A useful UK-facing subprocessor addendum should clearly explain who your subprocessors are, what they do, how you appoint them, and what protections apply when personal data moves through your vendor stack.
- Define what counts as a subprocessor and distinguish this from ordinary suppliers
- Identify the categories of subprocessors you use, and when possible list current providers
- Set out whether customers get prior notice, a right to object, or both when you add or replace a subprocessor
- Confirm that written terms with each subprocessor impose data protection obligations equivalent to those in your customer DPA
- Explain where personal data may be processed, including any transfers outside the UK
- Describe your process for due diligence, security review, and ongoing oversight of subprocessors
- Make clear what happens if a customer objects to a proposed subprocessor
- Check that the addendum aligns with your privacy notice, security materials, and internal vendor list
What Subprocessor Addendum Means For UK Businesses
For a UK SaaS business, a subprocessor addendum is usually about transparency, control, and consistency. Customers want to know which third parties handle their data and what contractual protections sit behind those arrangements.
Under UK data protection rules, a processor generally cannot appoint another processor without the controller's prior specific or general written authorisation. In practical terms, that means your customer contract needs a clear mechanism covering subprocessor appointments if you process personal data for customers.
What is a subprocessor?
A subprocessor is usually a third party that processes personal data on behalf of you, where you are already processing that data for your customer. In a typical SaaS model, your customer is the controller, you are the processor, and your cloud host, support tool provider, analytics platform, or email delivery service may be a subprocessor if they process customer personal data for your service.

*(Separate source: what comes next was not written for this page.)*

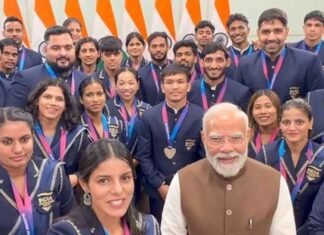 ‘Those who play, will flourish’: PM Modi meets India’s CWG medallists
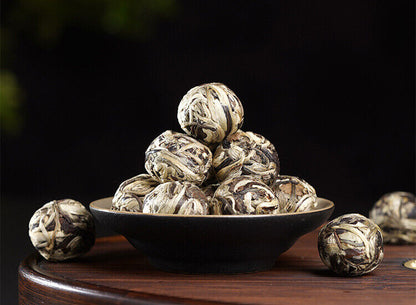 Yunnan Moonlight White Ball Nectar Fragrance Raw Pu Er Tea Yue Guan Bai Long Zhu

Not every supplier is a subprocessor. A payment provider you use for your own billing, a corporate accountant, or a contractor working only on your internal business systems may not fall into that category for customer data processing purposes. This is where founders often get caught, because they either over-list ordinary suppliers or miss suppliers who do handle in-scope customer data.
Why customers ask for a separate addendum
Many enterprise customers, public sector bodies, and security-conscious SMEs want a separate subprocessor schedule because it gives them cleaner visibility. It can be easier to review than searching through a DPA for scattered clauses about approval, notice, and overseas transfers.
It also helps procurement teams compare your process against their internal standards. If your customer has to report to legal, privacy, or security teams before signing, a well-drafted addendum often shortens the back and forth.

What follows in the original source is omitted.